In 2007, Essity (then SCA) acquired shares in the Asian company Vinda International Holdings Ltd, corresponding to approximately 34 percent of the shares in Vinda. Vinda was listed on the Hong Kong Stock Exchange the same year. Essity increased its holding during the years 2008 – 2016 and in 2023 the ownership corresponded to 51.59% of all shares in Vinda.
Essity's strategic review 2023
On April 26, 2023, Essity announced that the company had initiated a strategic review of its operations, including its ownership in Vinda. The press release commented that Essity is continuously evaluating the product portfolios within its three business areas, and that the strategic review meant that various options would be evaluated, including a possible sale. The communication emphasized that no decisions had been made. Vinda had a market capitalization of approximately SEK 34 billion (HKD 26 billion), i.e. the market value of Essity's holdings was approximately SEK 17.5 billion.
On December 15, 2023, Isola Castle Ltd, a company indirectly wholly owned by Asia Pacific Resources International Limited (APRIL), announced its intention to make a public offer to the shareholders of Vinda International Holdings Limited (Vinda) for all shares in Vinda. Essity signed an irrevocable undertaking to accept the offer for its entire holding of 51.59% of the shares.
The offer was announced on March 8, 2024, and Essity accepted the offer in accordance with its undertaking. The offer corresponded to a price of HKD 23.50 per share, which according to the offer document represented a premium of 21.38% compared to the closing price on November 17, 2023, when Vinda announced that discussions were ongoing regarding a possible offer and a premium of 145.23% compared to the revised net value per share for Vinda as of December 31, 2023. The total value of the offer amounted to approximately HKD 28.3 billion (SEK 37.3 billion) for all shares.
On March 21, 2024, Essity completed the sale of its Vinda shares.
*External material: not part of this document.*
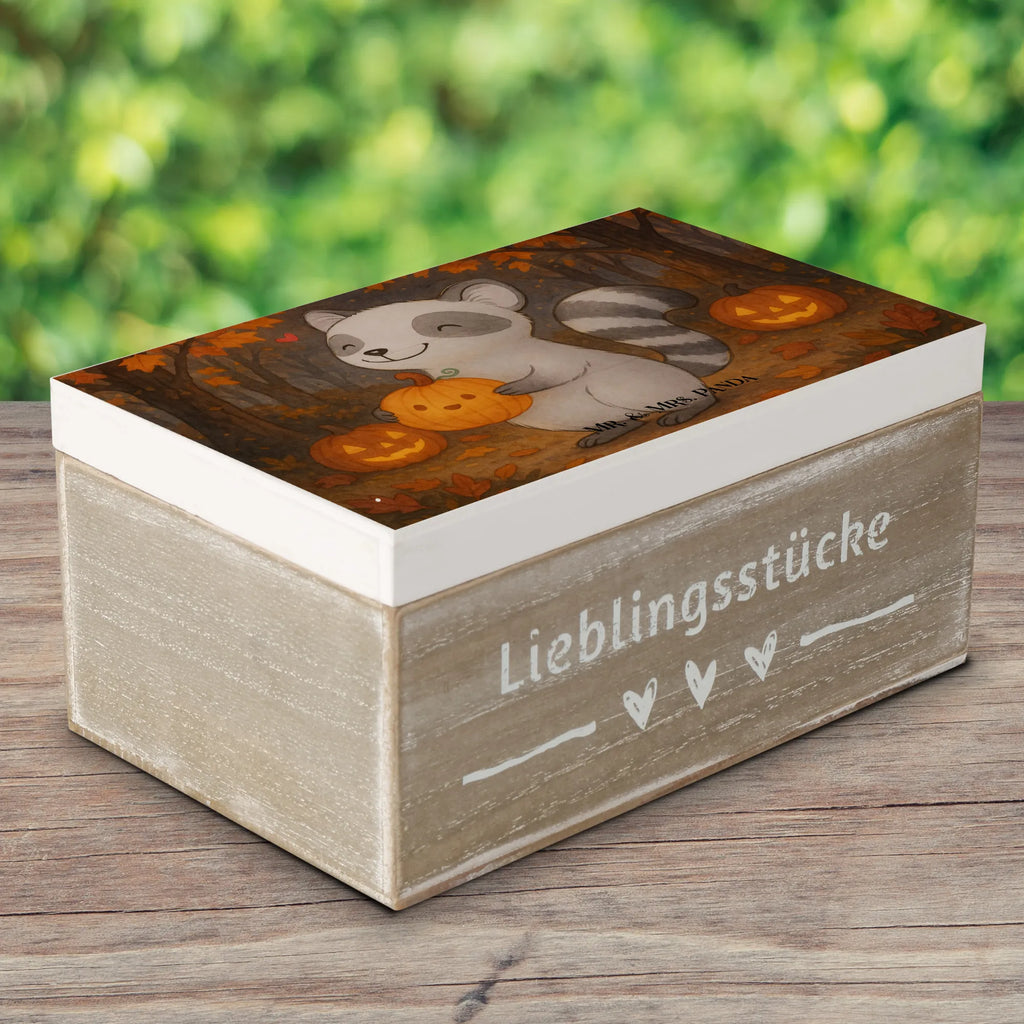 Holzkiste Waschbär Kürbis Design Erinnerungsbox, Holzkiste, Geschenkbox, Geschenkdose, Schatulle, Dekokiste, Erinnerungskiste, XXL, Truhe, Aufbewahrungsbox, Kiste, Schatzkiste, Halloween, Deko, Martinssingen, Dekoration, Geschenke, Schenken, Waschbär, Trick or Treat, Kürbis, Süßes sonst gibt's saures, Halloween Deko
The proceeds from the sale amounted to approximately HKD 14.6 billion (approximately SEK 19 billion).
In total, Essity's capital gain, excluding reclassification of realized currency translation differences, amounted to SEK 8,366 million. Including reclassification of realized currency translation differences of SEK 748 million after tax, net profit amounted to SEK 9,114 million, which was reported under the item “discontinued operations” in Essity's Annual Report for 2023.
As of the fourth quarter of 2023, Essity classified Vinda's financial reporting as operations under discontinuation and Vinda's operations were therefore not consolidated in Essity's Annual Report for 2023.
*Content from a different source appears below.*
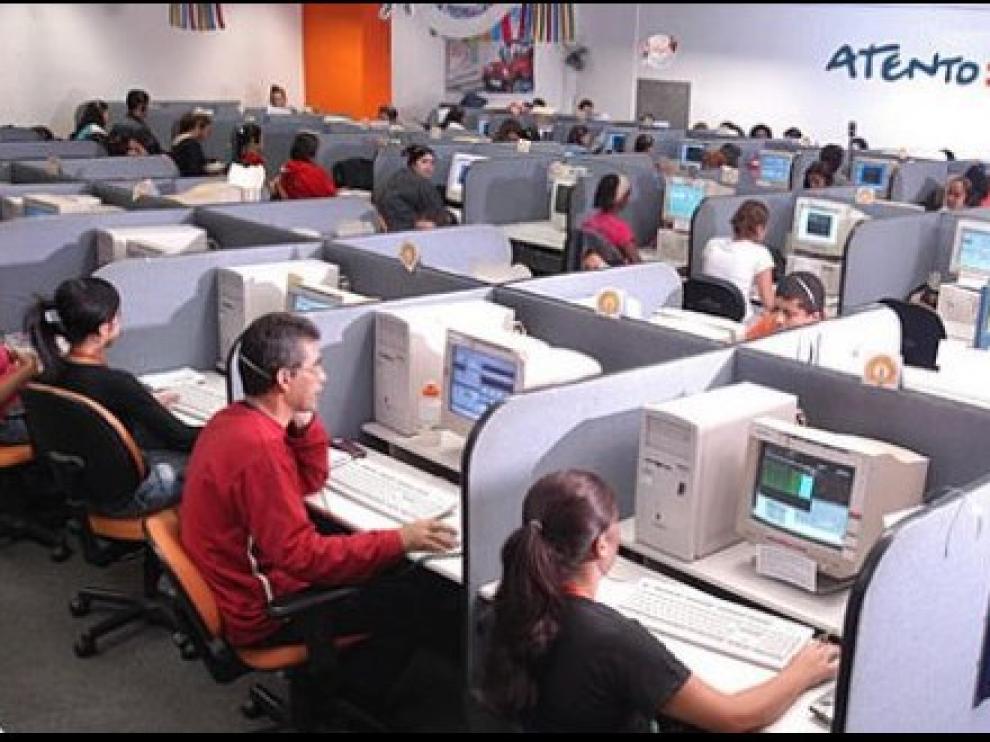 que es atento call center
The dispute with certain investors in Essity's bonds maturing in 2029, 2030 and 2031 respectively
On October 17, 2024, Essity announced that it had received requests for early redemption from certain bondholders regarding bonds maturing in 2029, 2030 and 2031. The requests were in respect of a minority part of the total outstanding amount of the relevant bonds. Essity also explained at this time that the bondholders making the request did so on the basis of an alleged Event of Default under the terms and conditions of the bonds.
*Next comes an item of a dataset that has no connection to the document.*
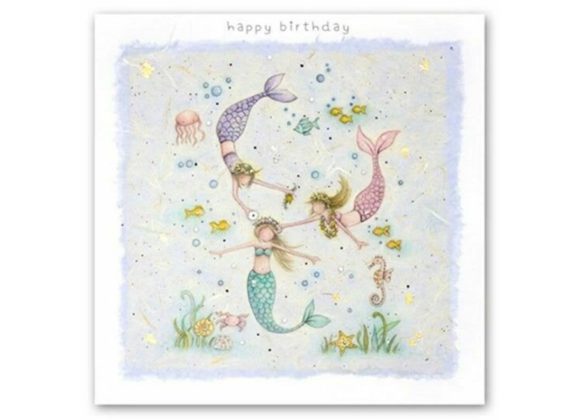 Little Mermaids Card by Berni Parker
On December 16, 2024, Essity announced that legal proceedings had been initiated against Essity in the English courts. The proceedings are being brought by eight investment funds which allege that they hold an ultimate economic interest in the bonds. The claimants seek declaratory relief only, to the effect that the sale of the Vinda shares constitutes an Event of Default. The alleged Event of Default is said to occur on the basis that the sale of Vinda shares (or the announcement of Essity’s irrevocable undertaking) constituted a “cessation of business” by Essity. No legal proceedings seeking payment under the bonds in connection with the alleged Event of Default have been initiated.
Essity rejects the claim that the sale (or its announcement) constituted a cessation of business and accordingly also rejects that an Event of Default has occurred. Essity is robustly defending the claim. The court will address formal jurisdictional issues in May 2025. The court process is at an early stage, and it is currently not possible to assess when the case will be finally decided.